In general, a person should not be discouraged from returning to work
or carrying out usual activities but must be warned to expect some difficulties.
Adequate rest is important to maintain progress toward full recovery and to avoid relapse. Remember, don't rush recovery!
Preventing Pneumonia Is Possible
Because pneumonia is a common complication of influenza (flu), getting a flu shot every fall is good pneumonia prevention.
Vaccine is also available to help fight pneumococcal pneumonia, one
type of bacterial pneumonia. Your doctor can help you decide if you, or
member of your family, needs the vaccine against pneumococcal pneumonia. It is usually given only to people at high risk of getting the disease and
its life-threatening complications.
The greatest risk of pneumococcal pneumonia is usually among people who:
Have chronic illnesses such as lung disease, heart disease, kidney disorders, sickle cell anemia, or diabetes.
Are recovering from severe illness.
Are in nursing homes or other chronic care facilities.
Are age 65 or older.
If you are at risk, ask your doctor for the vaccine.

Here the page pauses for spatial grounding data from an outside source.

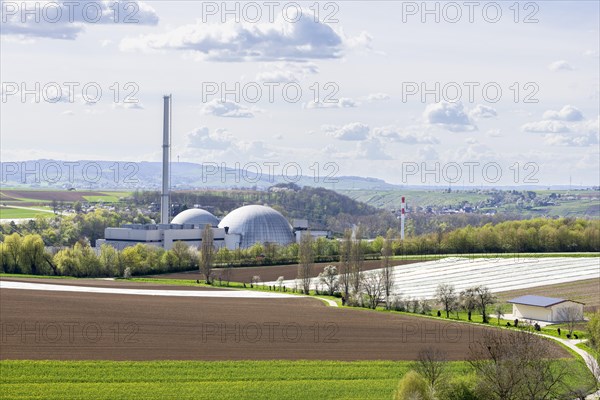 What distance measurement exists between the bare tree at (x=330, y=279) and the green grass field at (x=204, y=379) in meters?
42.0

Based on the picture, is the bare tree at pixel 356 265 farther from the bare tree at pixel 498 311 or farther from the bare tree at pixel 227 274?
the bare tree at pixel 227 274

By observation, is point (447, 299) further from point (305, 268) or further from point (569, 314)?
point (305, 268)

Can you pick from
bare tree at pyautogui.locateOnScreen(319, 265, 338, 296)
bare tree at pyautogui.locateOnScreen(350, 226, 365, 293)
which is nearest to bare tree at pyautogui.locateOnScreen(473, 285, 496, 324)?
bare tree at pyautogui.locateOnScreen(350, 226, 365, 293)

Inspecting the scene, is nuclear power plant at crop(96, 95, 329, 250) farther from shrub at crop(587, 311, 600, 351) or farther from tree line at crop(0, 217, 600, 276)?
shrub at crop(587, 311, 600, 351)

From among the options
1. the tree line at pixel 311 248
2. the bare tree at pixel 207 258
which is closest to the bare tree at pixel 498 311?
the tree line at pixel 311 248

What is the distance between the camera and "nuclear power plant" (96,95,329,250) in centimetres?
13312

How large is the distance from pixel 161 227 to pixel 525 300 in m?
67.8

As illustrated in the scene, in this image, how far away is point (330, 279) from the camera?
312ft

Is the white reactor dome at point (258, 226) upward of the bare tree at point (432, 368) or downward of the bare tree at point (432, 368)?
upward

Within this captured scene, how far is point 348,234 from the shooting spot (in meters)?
95.3

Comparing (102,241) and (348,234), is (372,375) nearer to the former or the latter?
(348,234)

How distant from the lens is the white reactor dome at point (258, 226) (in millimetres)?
146625

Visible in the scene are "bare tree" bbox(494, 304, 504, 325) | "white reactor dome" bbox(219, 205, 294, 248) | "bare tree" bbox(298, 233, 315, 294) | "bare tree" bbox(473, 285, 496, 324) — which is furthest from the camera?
"white reactor dome" bbox(219, 205, 294, 248)

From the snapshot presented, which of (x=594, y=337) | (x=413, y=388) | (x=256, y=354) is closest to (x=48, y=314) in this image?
(x=256, y=354) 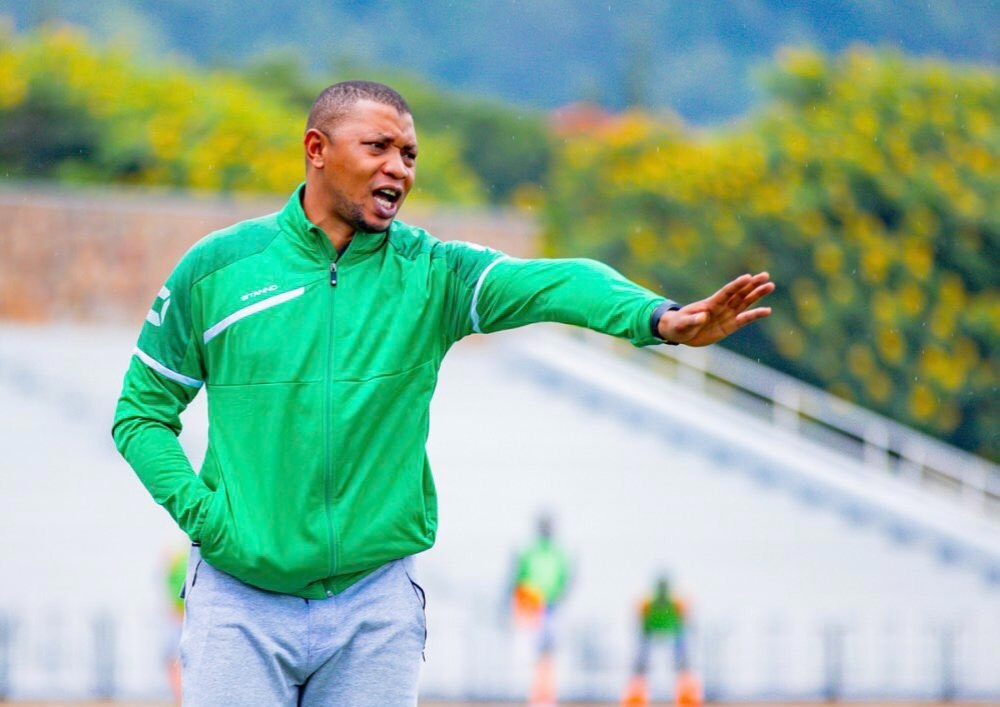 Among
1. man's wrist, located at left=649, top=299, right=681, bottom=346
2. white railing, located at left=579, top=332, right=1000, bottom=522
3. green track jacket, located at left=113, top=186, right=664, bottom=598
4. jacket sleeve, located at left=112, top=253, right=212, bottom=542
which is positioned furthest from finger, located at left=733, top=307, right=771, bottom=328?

The vaccine is generally given only once. Ask your doctor about any
revaccination recommendations. The vaccine is not recommended for pregnant
women or children under age two.
Since pneumonia often follows ordinary respiratory infections, the most
important preventive measure is to be alert to any symptoms of respiratory
trouble that linger more than a few days. Good health habits, proper diet and hygiene, rest, regular exercise, etc., increase resistance to all
respiratory illnesses. They also help promote fast recovery when illness does occur.
If You Have Symptoms Of Pneumonia
Call your doctor immediately. Even with the many effective antibiotics, early diagnosis and treatment are important.
Follow your doctor's advice. In serious cases, your doctor may advise a hospital stay. Or recovery at home may be possible.
Continue to take the medicine your doctor prescribes until told you may stop. This will help prevent recurrence of pneumonia and relapse.
Remember, even though pneumonia can be treated, it is an extremely serious illness. Don't wait, get treatment early.